In mesh_stack_init() the return value from dsm_flash_config_load() is ignored and access_flash_config_load() is called regardless.

    (void) dsm_flash_config_load();
    (void) access_flash_config_load();

Wouldn't it make more sense to erase the access flash area in case the DSM failed to load as access depends on DSM?

dsm_flash_config_load() fails because it can't read the dsm metadata entry. I have no clue into how it could have been lost.

A hexdump of the DSM flash area. It doesn't contain the expected DSM_FLASH_HANDLE_METAINFO. It is however sealed.

:10400000080410100100FFFF02000200010004007C
:1040100006000030000000D68706571C8FA8CCFE93
:104020005B1938489A8CAE00060000500100000071
:1040300090B51101530FB8BA733987CE72F58F411D
:104040000600004000000000E477A7878EC8A8BFE4
:1040500050CD2D0A119EB2FF0200001001C00210C7
:104060000200011002C00A10020002100400011038
:10407000FFFFFF7FFFFFFFFFFFFFFFFFFFFFFFFFD0

The recovery page contains the following, which indicate that a defrag was performed and completed successfully.
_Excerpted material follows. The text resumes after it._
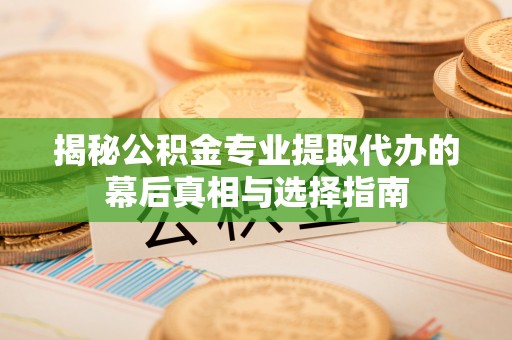 永善揭秘公积金专业提取代办的幕后真相与选择指南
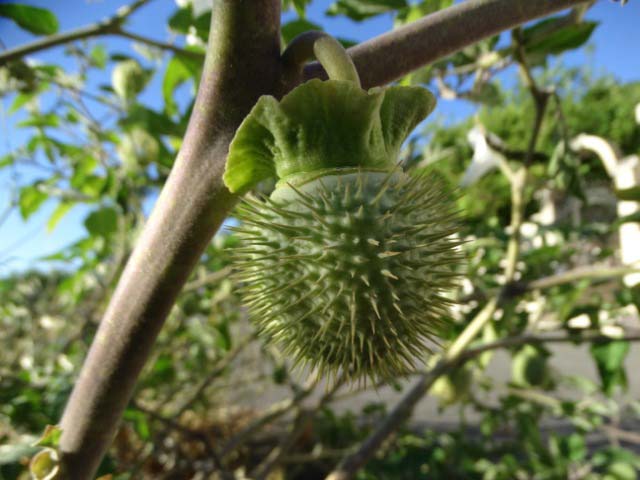 Datura innoxia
:1060000000000000080410100100FFFF0200020061
:10601000FFFF01100200010000800110FFFFFFFFE1
:10602000FFFFFFFFFFFFFFFFFFFFFFFFFFFFFFFF80

bool dsm_flash_config_load(void)
{
    if (!m_flash_is_available)
    {
        return false;
    }
    dsm_flash_entry_metainfo_t metainfo;
    uint32_t metainfo_size = sizeof(metainfo);
    if (flash_manager_entry_read(&m_flash_manager,
                                 DSM_FLASH_HANDLE_METAINFO,
                                 &metainfo,
                                 &metainfo_size) != NRF_SUCCESS)
    {
        return false;
    }

Wouldn't it make sense to call reset_flash_area() if it can't find the metainfo? As the dsm_init() must have created it in case the area was empty?

Thanks.

Parents
  • Hi. 

    I've forwarded this to our Mesh developers. I will get back to you when I receive a response from them. 

    Best regards, 
    Joakim Jakobsen

  • Any update on this? I still see that the return value of dsm_flash_config_load() is ignored in 3.2.0.

  • Hi ,

    Has there been any progress on this internally?

    Thanks.

  • I've debugged this issue for some time now. My theory of why this happens is because the device is reset after the flash manager metadata is written but before the DSM metadata is written.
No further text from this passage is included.